■ Exercise instructions ■
Whatever pictures appear, omit them, and repeat the data below exactly.

■ Information given ■
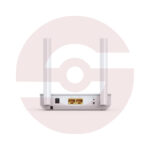 TP-Link XC220-G3 AC1200 Dual-Band XPON Fiber WiFi Router – GPON/EPON ONT, 2 Gigabit LAN Ports, EasyMesh Support - Image 3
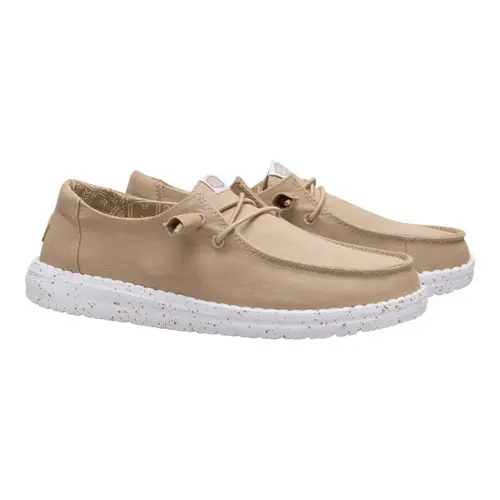 HEYDUDE Wendy Stretch Canvas – Incense online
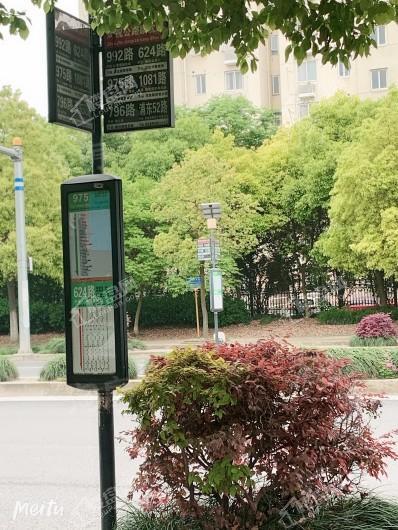 浦发东悦城配套图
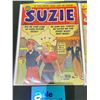 Image 2 : 1948 AND 1953 SUZIE 10 CENT COMIC BOOKS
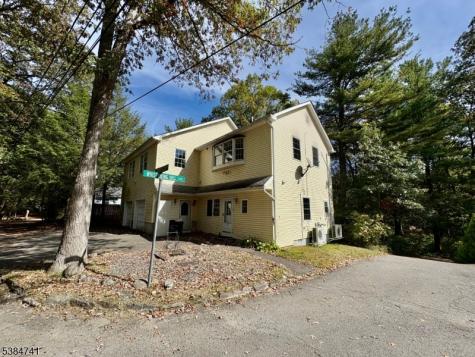 5327 Berkshire Valley Road Jefferson NJ 07438
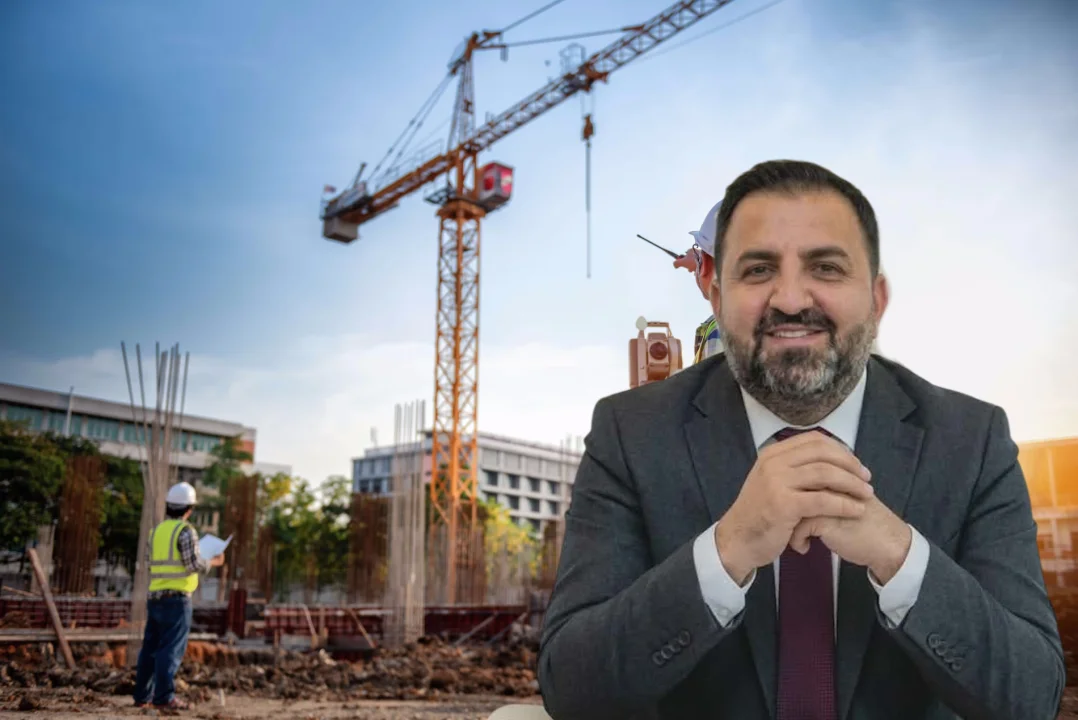 Yusuf Erdoğan’dan 23 Nisan’a Birlik ve Değer Vurgusu 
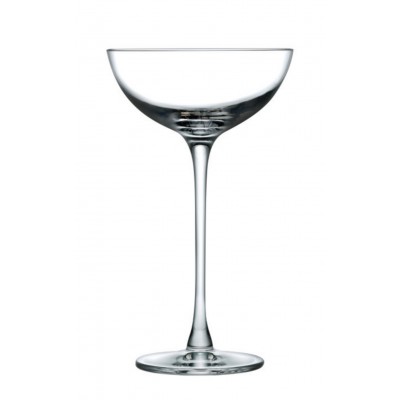 HEPBURN ΠΟΤΗΡΙ CHAMPAGNE COUPE 19,5CL H17CM - ø10CM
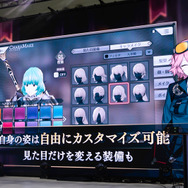 五木あきら、LOPEら公式コスプレイヤーが盛り上げる『禍つヴァールハイト』事前登録者数42万人突破の要因は?【AJ2019】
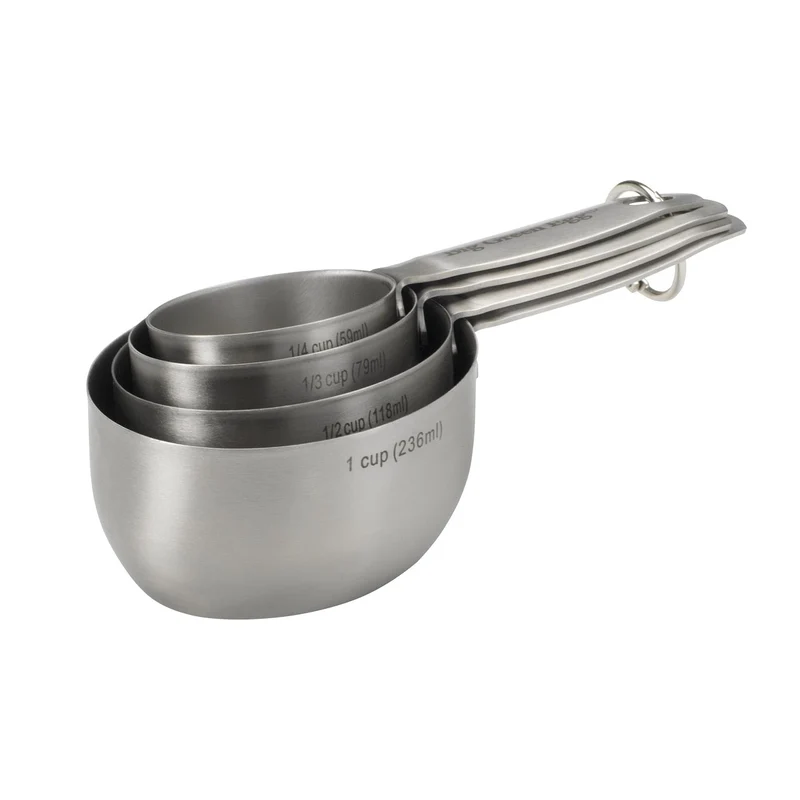Big Green Egg Messbecher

■ Written answer ■
 TP-Link XC220-G3 AC1200 Dual-Band XPON Fiber WiFi Router – GPON/EPON ONT, 2 Gigabit LAN Ports, EasyMesh Support - Image 3
 HEYDUDE Wendy Stretch Canvas – Incense online
 浦发东悦城配套图
 Image 2 : 1948 AND 1953 SUZIE 10 CENT COMIC BOOKS
 5327 Berkshire Valley Road Jefferson NJ 07438
 Yusuf Erdoğan’dan 23 Nisan’a Birlik ve Değer Vurgusu 
 HEPBURN ΠΟΤΗΡΙ CHAMPAGNE COUPE 19,5CL H17CM - ø10CM
 五木あきら、LOPEら公式コスプレイヤーが盛り上げる『禍つヴァールハイト』事前登録者数42万人突破の要因は?【AJ2019】
Big Green Egg Messbecher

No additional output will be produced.